→ Stored data
—————
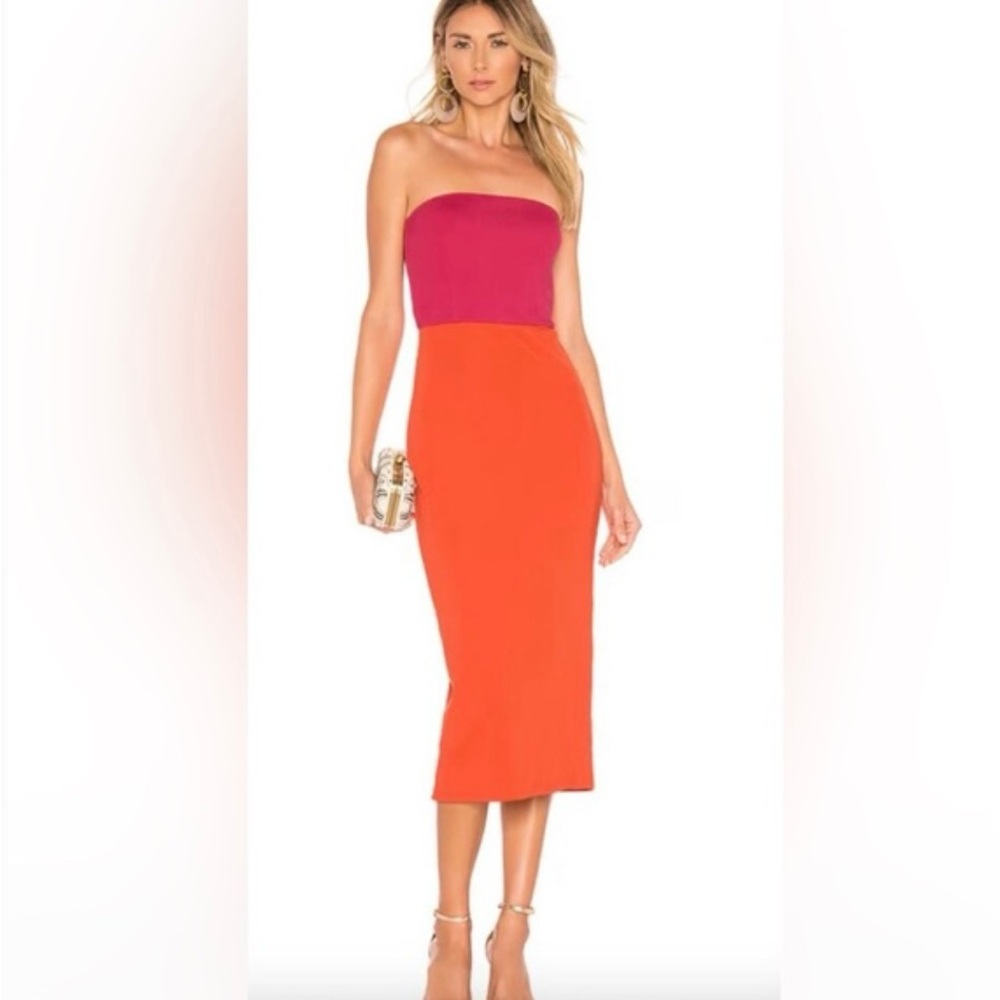 NBD Strapless Pink and Orange Dress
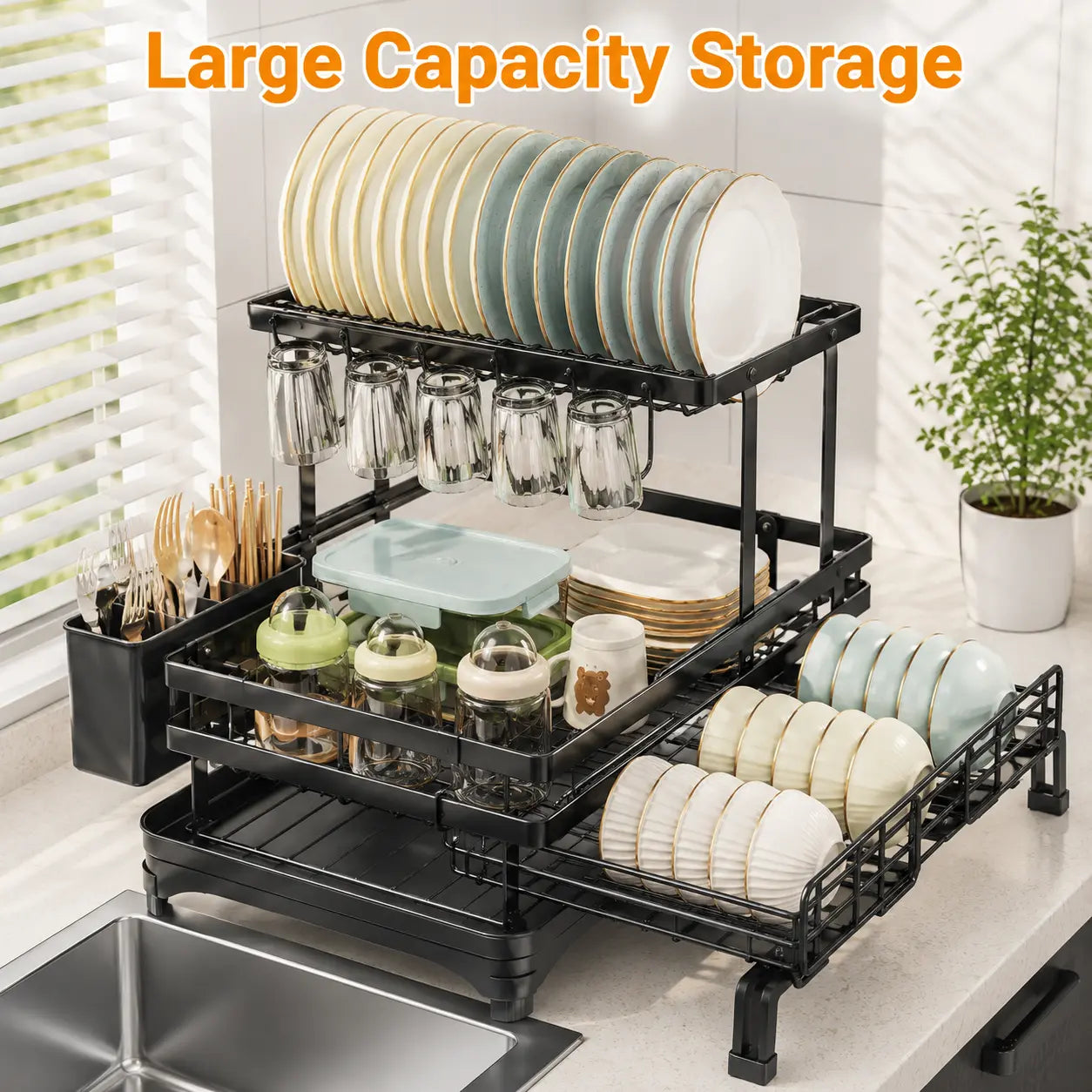 【Summer Deals】 Foldable over Sink Dish Drying Rack Pull-Out 2-Tier Dish Drainer with Utensil Holder Space Saving Kitchen Organizer for Small Kitchens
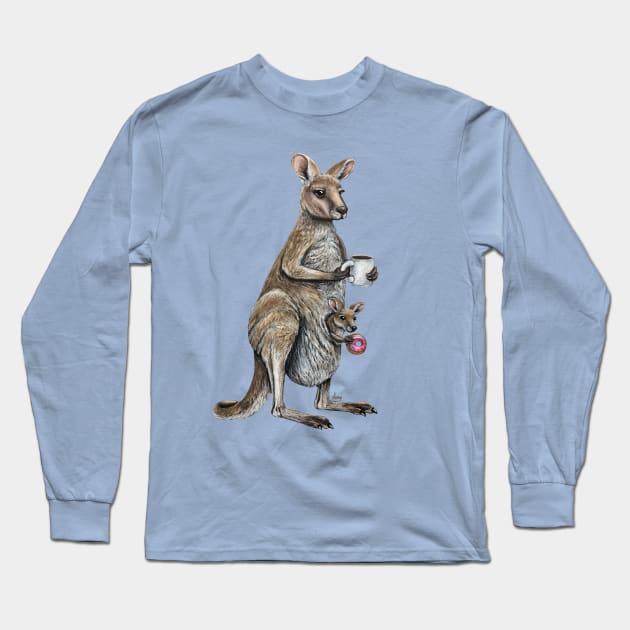 Coffee with Joey - Kangaroo Coffee Long Sleeve T-Shirt by GardenPartyArt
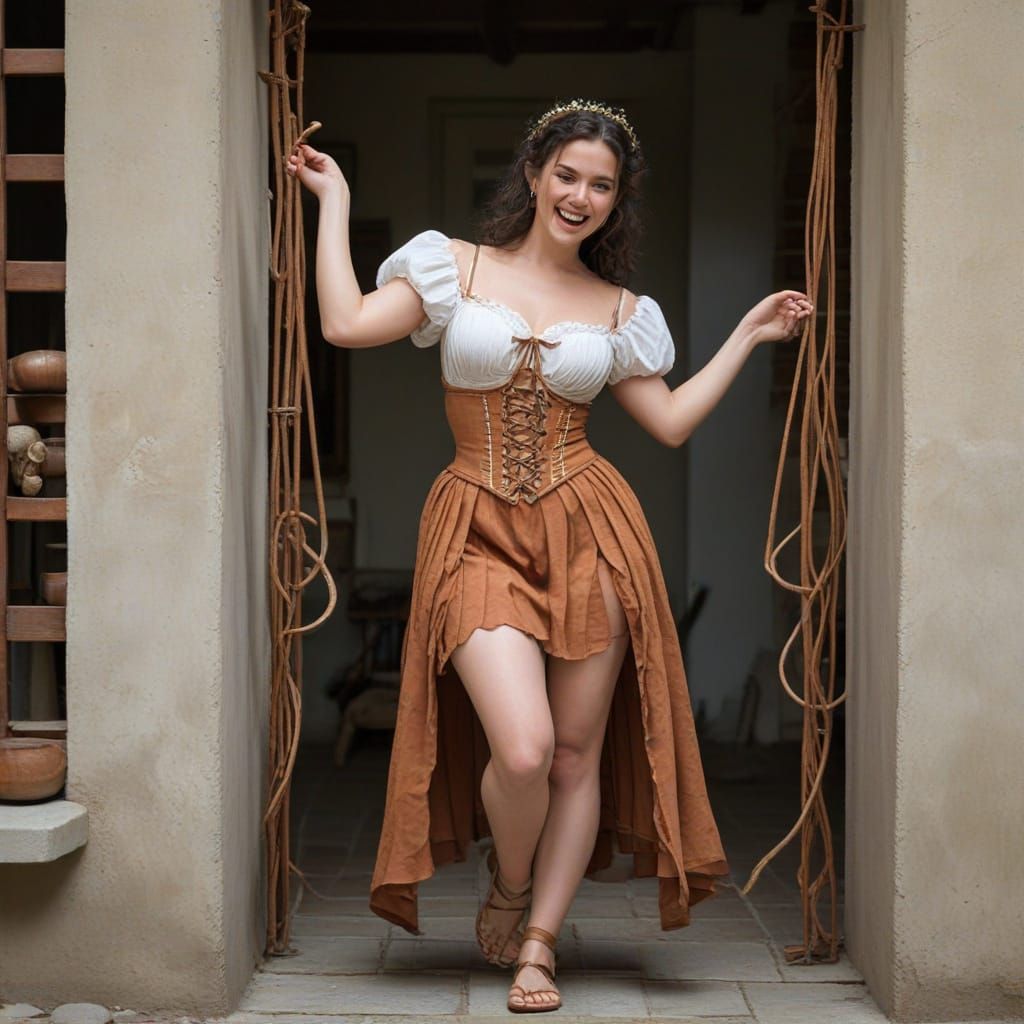 Weaver Stepping Through Loom Frame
—————
Print out all the material word for word but exclude any images.

 NBD Strapless Pink and Orange Dress
 【Summer Deals】 Foldable over Sink Dish Drying Rack Pull-Out 2-Tier Dish Drainer with Utensil Holder Space Saving Kitchen Organizer for Small Kitchens
 Coffee with Joey - Kangaroo Coffee Long Sleeve T-Shirt by GardenPartyArt
 Weaver Stepping Through Loom Frame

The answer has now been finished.